- [Exercise objective]: Exclude images, then output the remaining data verbatim.

- [Information shown]:
§
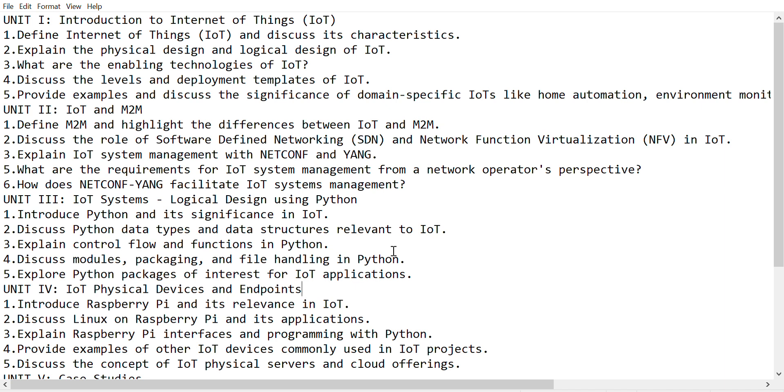Explain the control flow and functions in Python. Explain the control flow and functions are very important questions. Discuss modules, packaging, and file handling in Python.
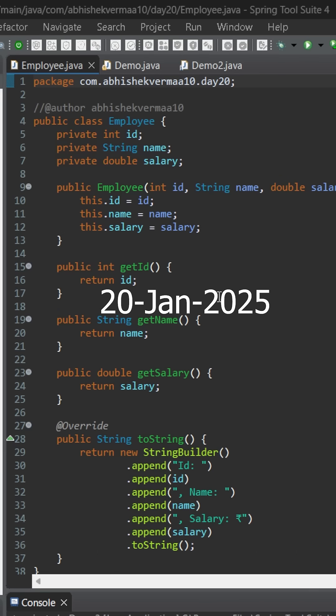Today, let's try to understand why should we learn streams in Java. Here, we have an employee class containing three fields: id, name, and salary.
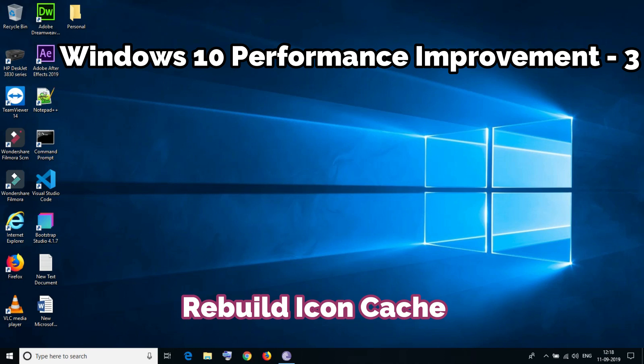Hello friends, today I'm going to show you another trick to improve performance of Windows. This is about the icon cache. When we load icons, sometimes the cache is not relating properly.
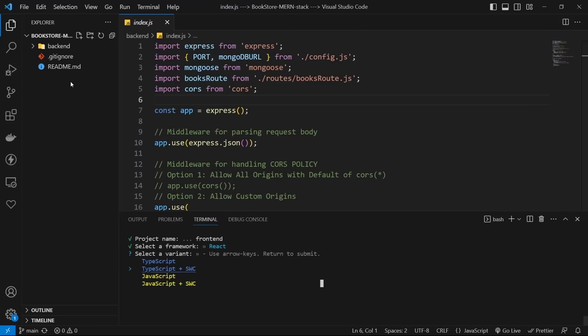Create a useEffect with an empty dependency array. Inside it, set loading to true, then call axios.get for the books list endpoint. Receive the response and set books to response.data.data — response.data is the result object which has count and data fields. Then set loading to false. On catch, log the error and set loading to false.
§
- [Answer space]:
Explain the control flow and functions in Python. Explain the control flow and functions are very important questions. Discuss modules, packaging, and file handling in Python.
Today, let's try to understand why should we learn streams in Java. Here, we have an employee class containing three fields: id, name, and salary.
Hello friends, today I'm going to show you another trick to improve performance of Windows. This is about the icon cache. When we load icons, sometimes the cache is not relating properly.
Create a useEffect with an empty dependency array. Inside it, set loading to true, then call axios.get for the books list endpoint. Receive the response and set books to response.data.data — response.data is the result object which has count and data fields. Then set loading to false. On catch, log the error and set loading to false.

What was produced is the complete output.